[Short web captions]

-----

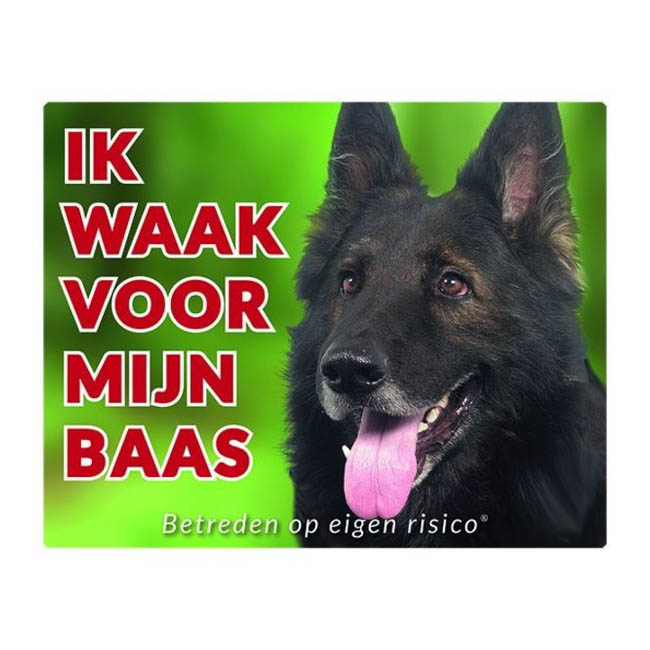 Waakbord Groenendaeler Groen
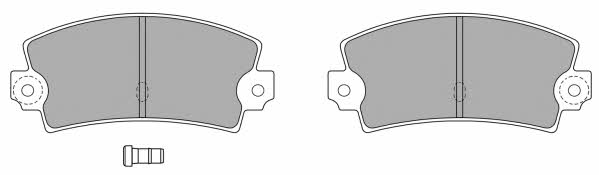 Fremax FBP-0566 Brake Pad Set, disc brake FBP0566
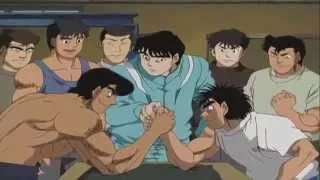 Hajime no Ippo - A echar pulsos con Ippo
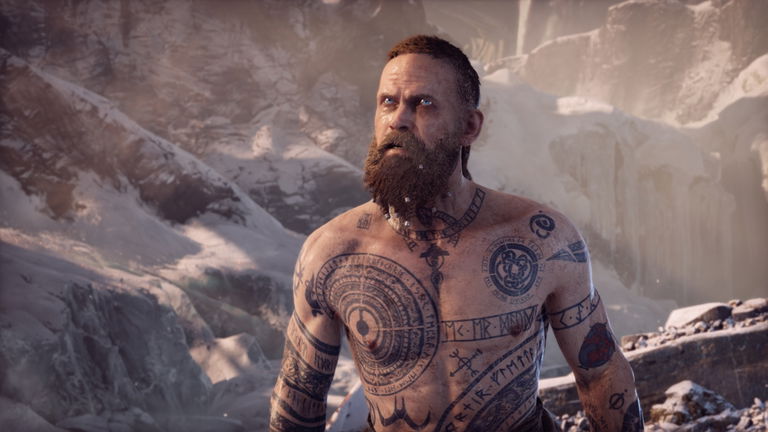 Un seguidor de God of War crea una figura de Baldur y el resultado es impresionante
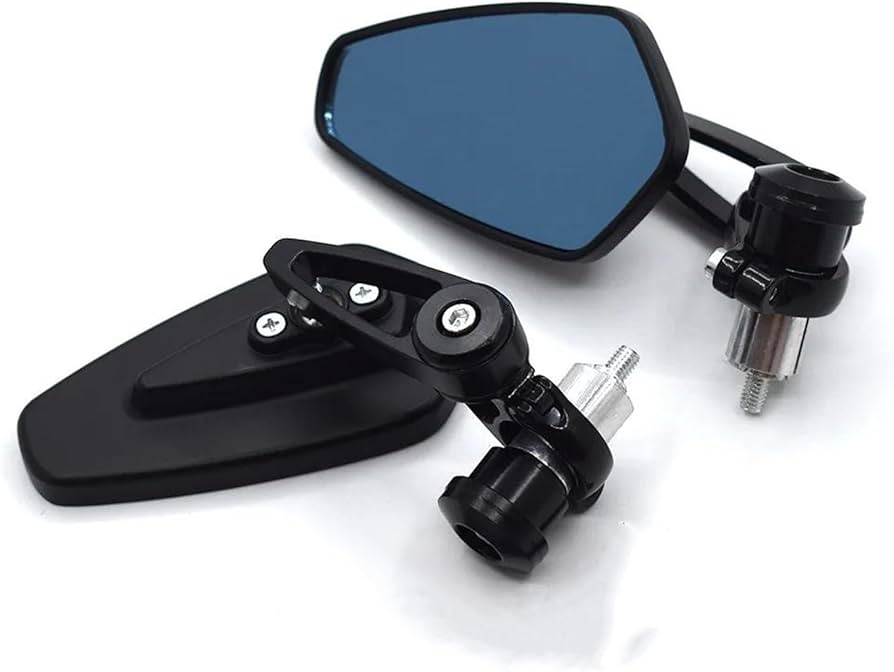 Amazon | バーエンドミラー に適合する ニンジャ 650R ZX6 ZX6R 636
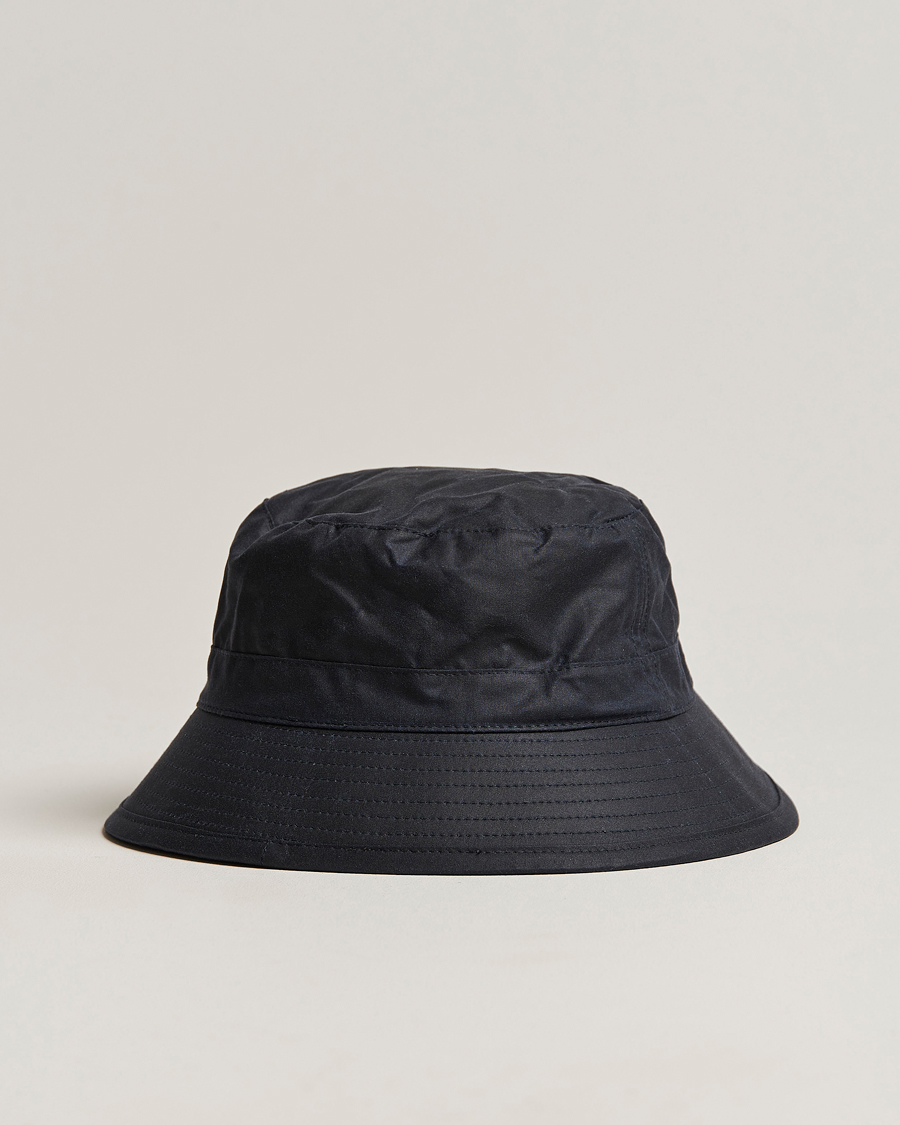 Herre | Hatter og capser | Barbour Lifestyle | Wax Sports Hat Navy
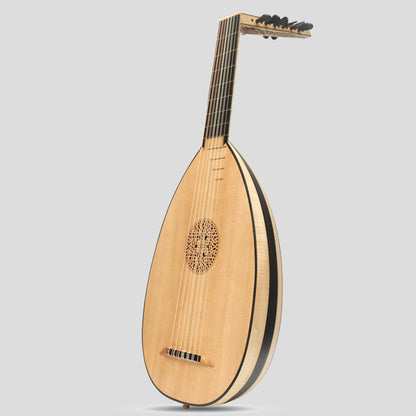 Muzikkon Renaissance Lute 7 Course Right Hand After Hieber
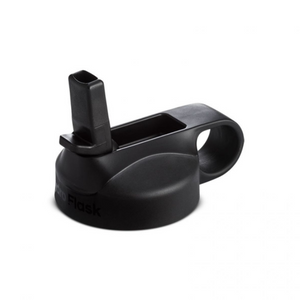 Hydro Flask Wide Mouth Straw Lid Black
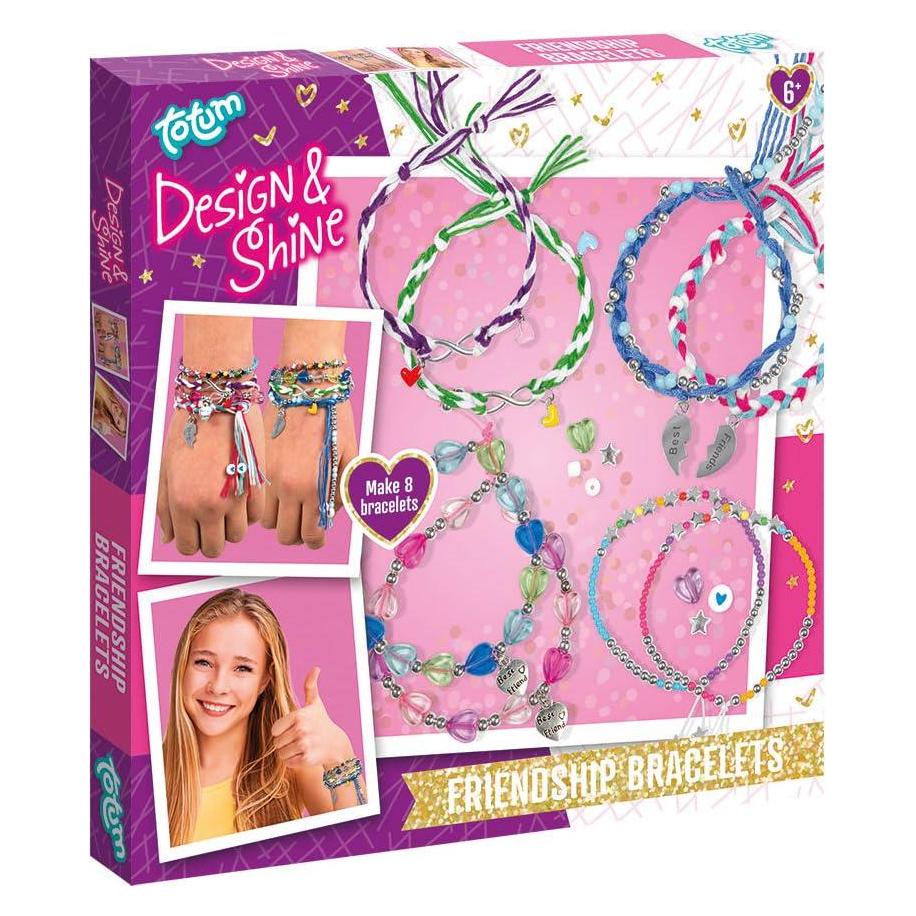Totum Design & Shine stellt Freundschaftsarmbänder her (46387327)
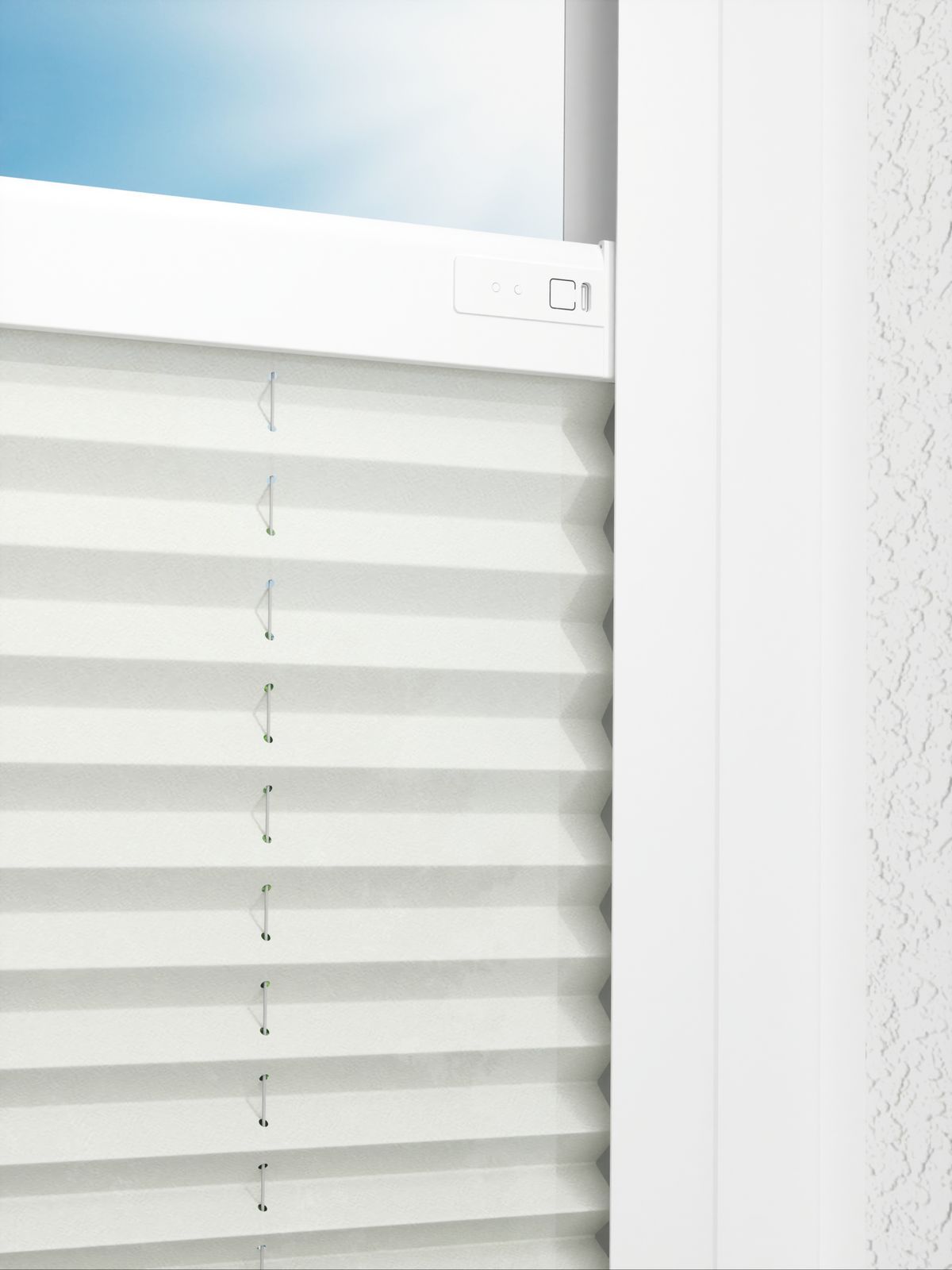 Detailansicht LYSEL HOME Plissé 206A Aralia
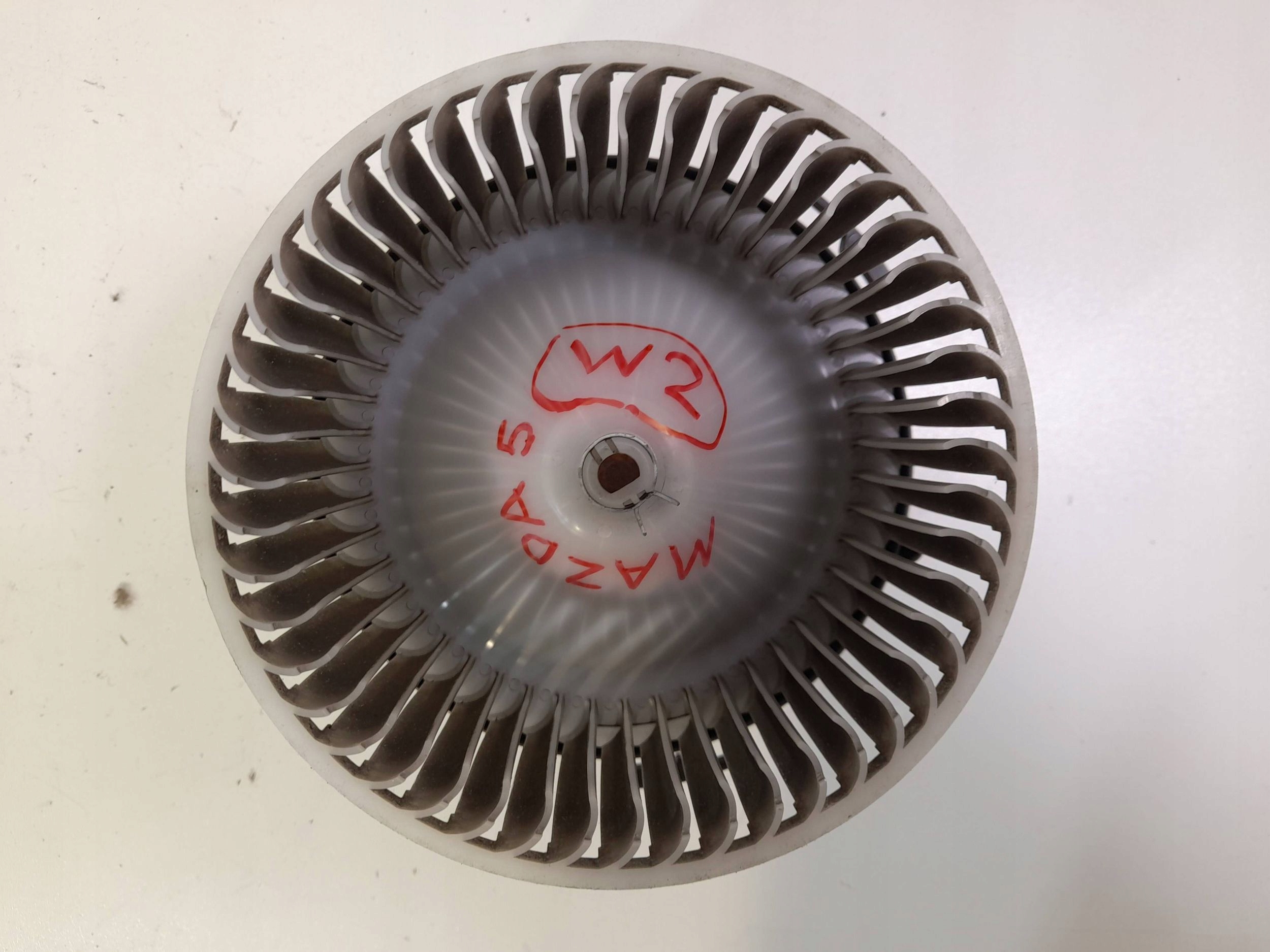 Mazda 5 2010- heating air conditioning devices 8940000 (W2)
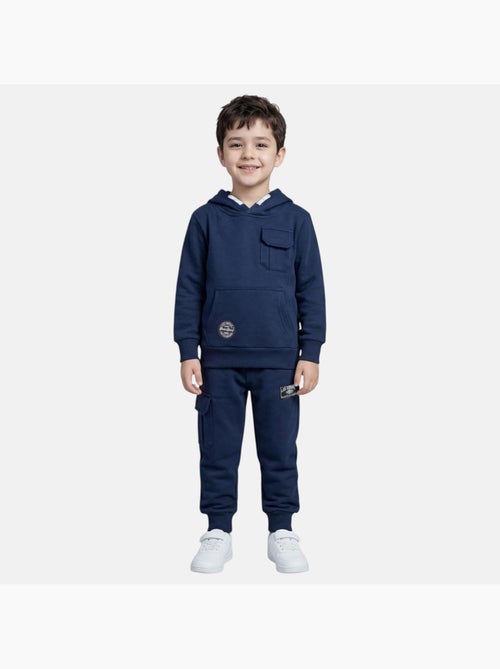 Lee cooper - ensemble sweat à capuche et pantalon de jogging - Kiabi Lee cooper - ensemble sweat à capuche et pantalon de jogging - Kiabi
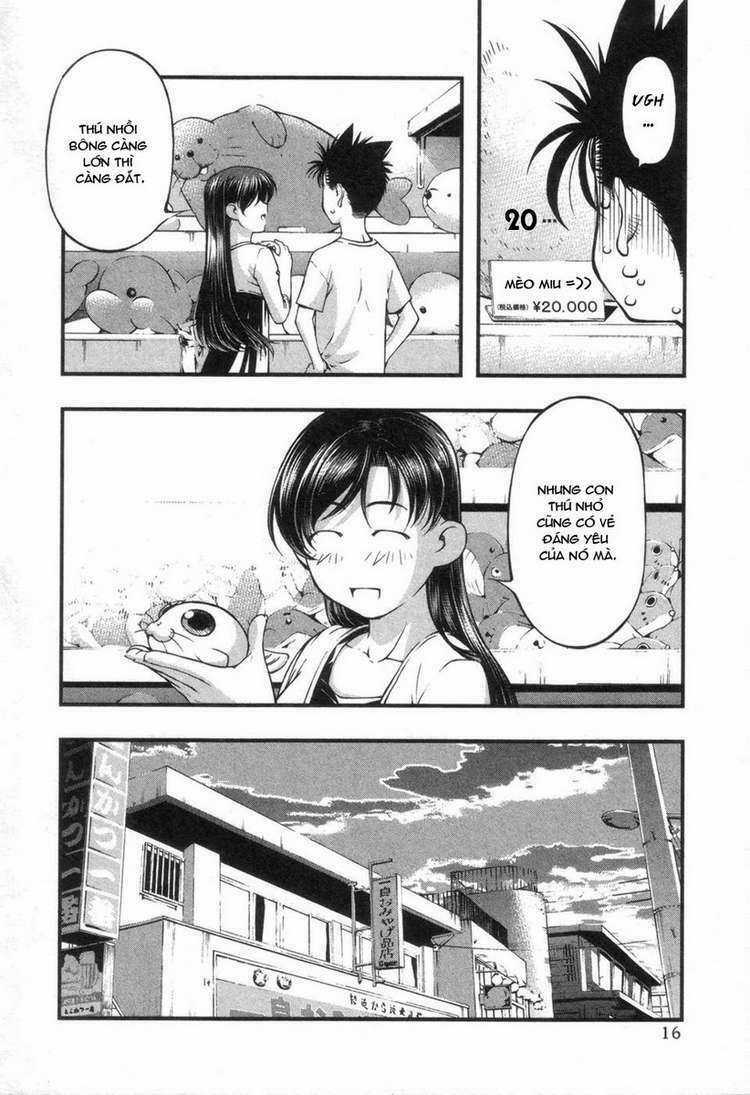 Umi no Misaki - Chapter 53 - Trang 17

-----

## Work item
Your copy should hold only the lines from the line with "Detailansicht LYSEL HOME Plissé 206A Aralia" through the end of the data above, both ends included, transcribed exactly and without pictures.

## The completed task
 Detailansicht LYSEL HOME Plissé 206A Aralia
 Mazda 5 2010- heating air conditioning devices 8940000 (W2)
 Lee cooper - ensemble sweat à capuche et pantalon de jogging - Kiabi Lee cooper - ensemble sweat à capuche et pantalon de jogging - Kiabi
 Umi no Misaki - Chapter 53 - Trang 17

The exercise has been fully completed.